It is difficult to think of a major theme of life that is not tackled in The Broken Circle Breakdown. Love, death, guilt, grief, birth, heartbreak, religion and science; this film touches on it all.
From the grim opening in which young Maybelle (Nell Cattrysse) is diagnosed with cancer, it has the viewer firmly in its emotional grip.
Maybelle is the daughter of bluegrass musician Didier (Johan Heldenbergh) and tattoo artist Elise (Veerle Baetens), who are completely mesmerising as their dramatic relationship flourishes and then begins to unravel.
After the pain-ridden opening, the film immediately flashes back seven years to the thrill of the couple’s meeting. Elise gives Didier a history of her life via her stunning tattoos and Didier teaches her about his passion for bluegrass music and its Appalachian roots.
The Broken Circle Breakdown, directed by Felix van Groeningen, is based on a play by Johan Heldenbergh and Mieke Dobbels, but van Groeningen has cleverly chosen to put his own mark on the trajectory of the plot. Rather than follow Didier and Elise’s relationship in a linear fashion, the story bounces across time episodically, allowing the many painful, tragic scenes to be interspersed with more passionate and joyful periods from the couple’s history.
You may have deduced from the names of the cast, writers and director that this film is not in English. You would be both right and wrong – interestingly, the majority of the dialogue is in Flemish, but the bluegrass songs are sung in beautiful, heart-breaking English. The film was shot outside of Ghent in Brussels, where a picturesque old farm serves as the property Didier swiftly and quirkily renovates in readiness for the birth of Maybelle.

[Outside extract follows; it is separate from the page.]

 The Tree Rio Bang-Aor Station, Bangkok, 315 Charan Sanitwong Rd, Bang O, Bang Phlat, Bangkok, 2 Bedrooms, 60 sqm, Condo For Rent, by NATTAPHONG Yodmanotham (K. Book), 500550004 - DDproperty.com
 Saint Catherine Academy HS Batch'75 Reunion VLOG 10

I wanted to watch The Broken Circle Breakdown for the bluegrass music and the tattoos – both of which are stunning – but I was unprepared for the emotional rollercoaster on which the film would take me. The pairing of the highly emotive plot with the delicacy of the structure and editing transforms a devastating series of calamities into an exquisite and poignant exploration of the limitations of love in the face of tragedy.
This is a film that will still be with you days after viewing. If you don’t want to end up doing a great deal of surreptitious tear wiping, take a pack of tissues and someone to give you a big hug as the credits roll.